**Data shown**
=== Section Start ===
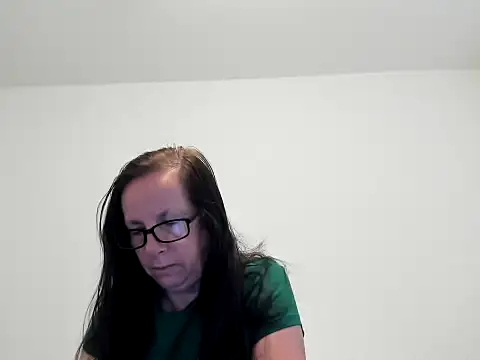 peachgoddess online show from March 18, 2026, 12:52 pm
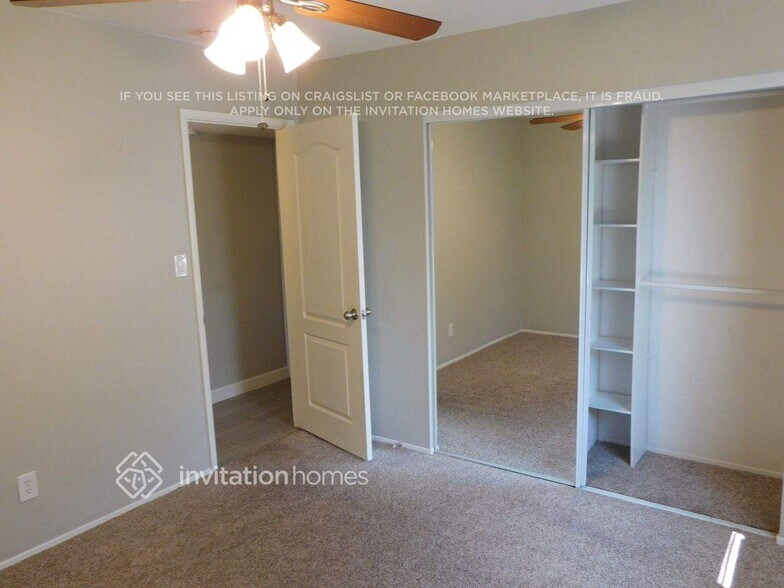 Building Photo - 2631 S Holbrook Ln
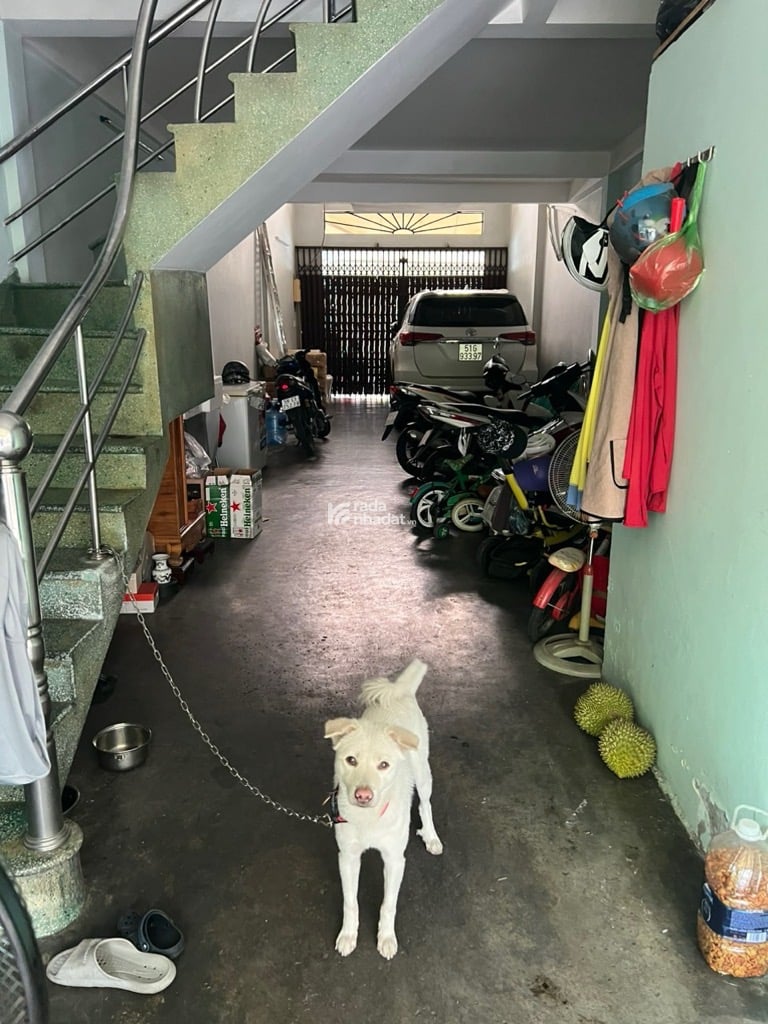 HÀNG HIẾM Q4 - VỊ TRÍ TRUNG TÂM - TIỀM NĂNG TĂNG GIÁ - THỬA ĐẤT VUÔNG VẮN - MẶT TIỀN LỚN.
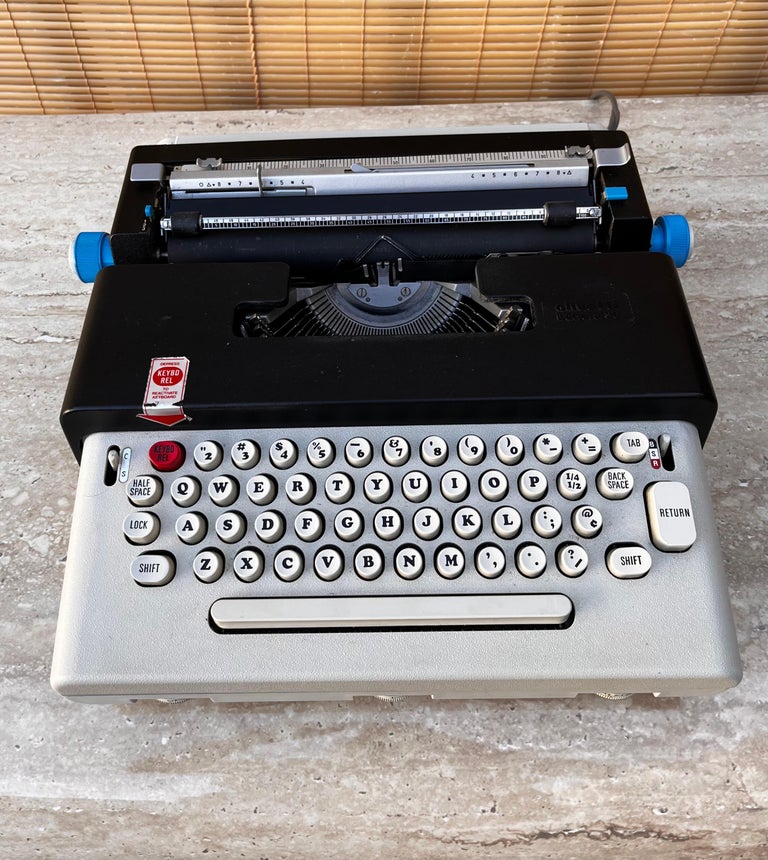 Olivetti タイプライター　LETTERA 38 ELECTRIC ①◇olivetti オリベッティ◇タイプライター LETTERA 38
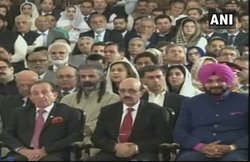 PoK राष्ट्रपति के बगल में बिठाए गए नवजोत सिंह सिद्धू, ट्विटर पर मचा बवाल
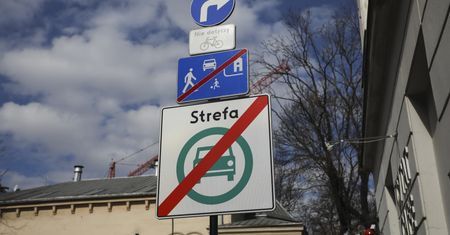 Polska luzuje, zachodnie kraje zaostrzają: brudna prawda o strefach czystego transportu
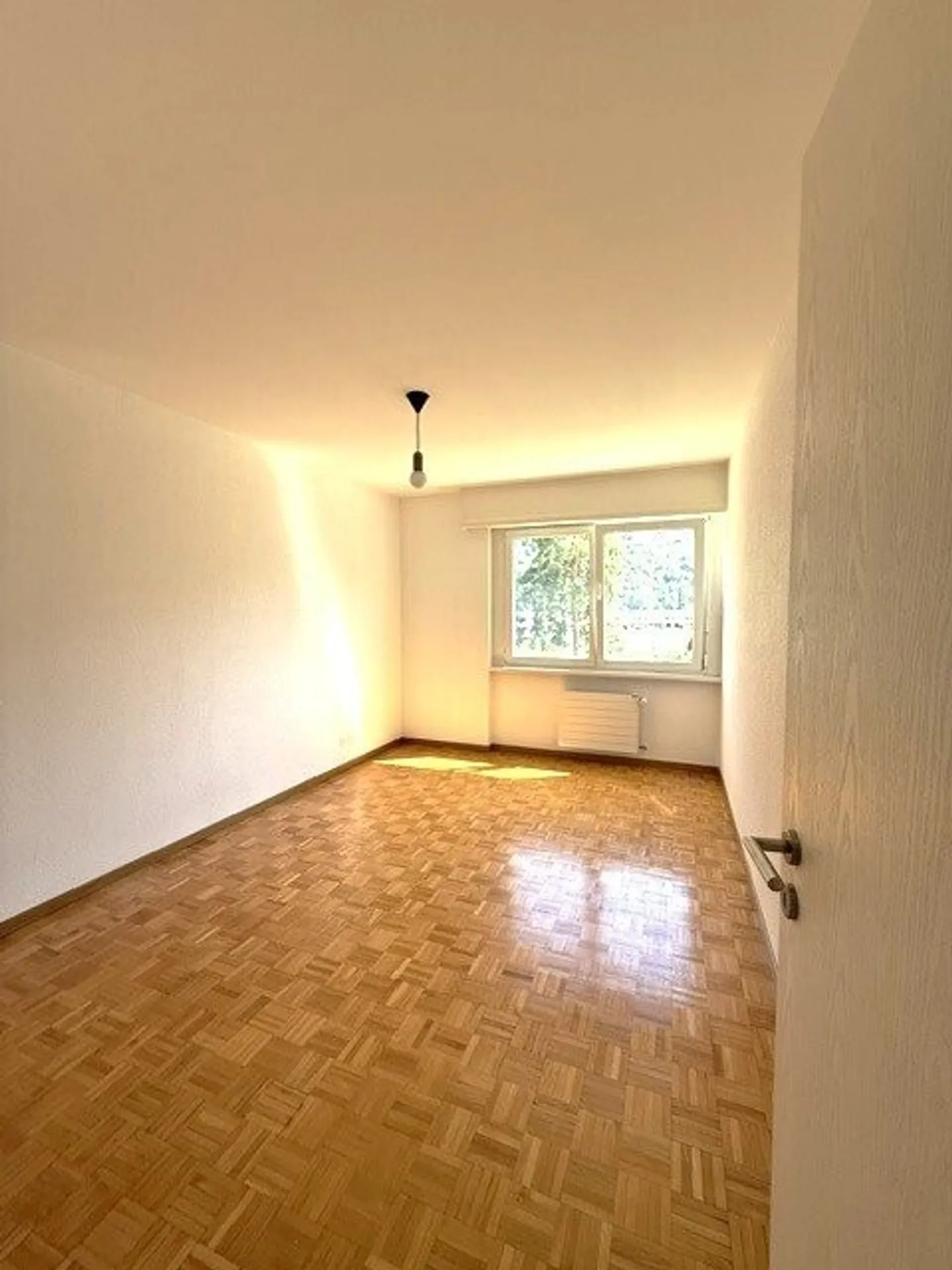 Spacious 3.5-room apartment in Sion, close to the train station and HES-SO - Photo 7 of 8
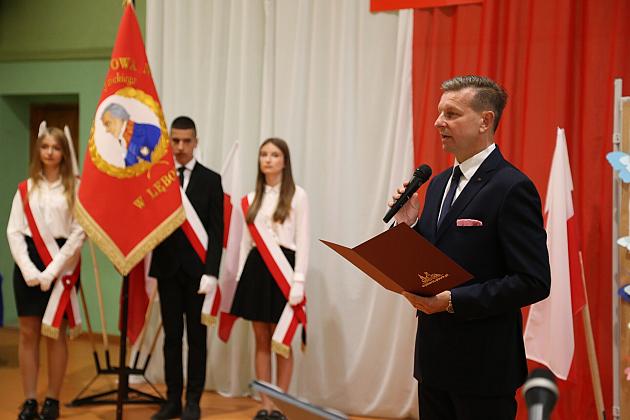 Uroczyste zakończenie roku szkolnego w lęborskich szkołach podstawowych: Emocje, nagrody i plany na wakacje!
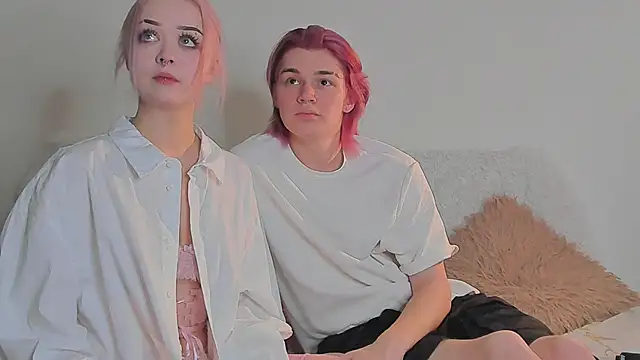 SweetheartsFriends online show from 02-05-26, 07:15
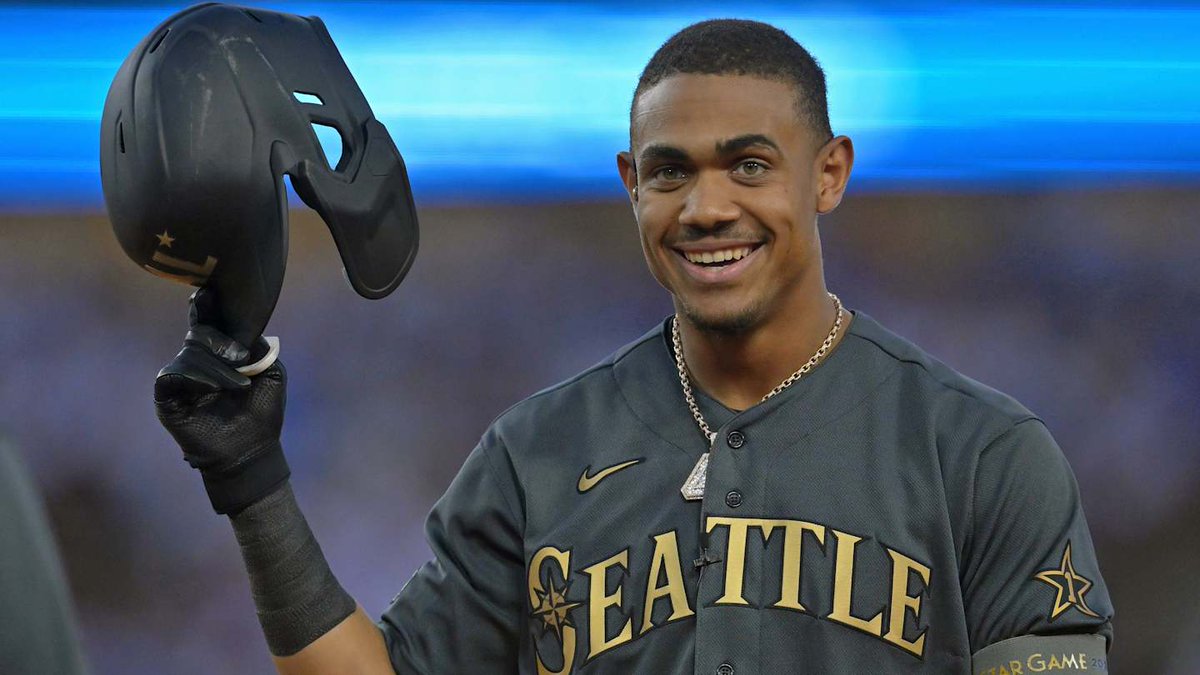 DifferentBaseball tweet media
=== Section End ===
**Required action**
Print the entire listing precisely as written, omitting the images it holds.

**Finished task**
 peachgoddess online show from March 18, 2026, 12:52 pm
 Building Photo - 2631 S Holbrook Ln
 HÀNG HIẾM Q4 - VỊ TRÍ TRUNG TÂM - TIỀM NĂNG TĂNG GIÁ - THỬA ĐẤT VUÔNG VẮN - MẶT TIỀN LỚN.
 Olivetti タイプライター　LETTERA 38 ELECTRIC ①◇olivetti オリベッティ◇タイプライター LETTERA 38
 PoK राष्ट्रपति के बगल में बिठाए गए नवजोत सिंह सिद्धू, ट्विटर पर मचा बवाल
 Polska luzuje, zachodnie kraje zaostrzają: brudna prawda o strefach czystego transportu
 Spacious 3.5-room apartment in Sion, close to the train station and HES-SO - Photo 7 of 8
 Uroczyste zakończenie roku szkolnego w lęborskich szkołach podstawowych: Emocje, nagrody i plany na wakacje!
 SweetheartsFriends online show from 02-05-26, 07:15
 DifferentBaseball tweet media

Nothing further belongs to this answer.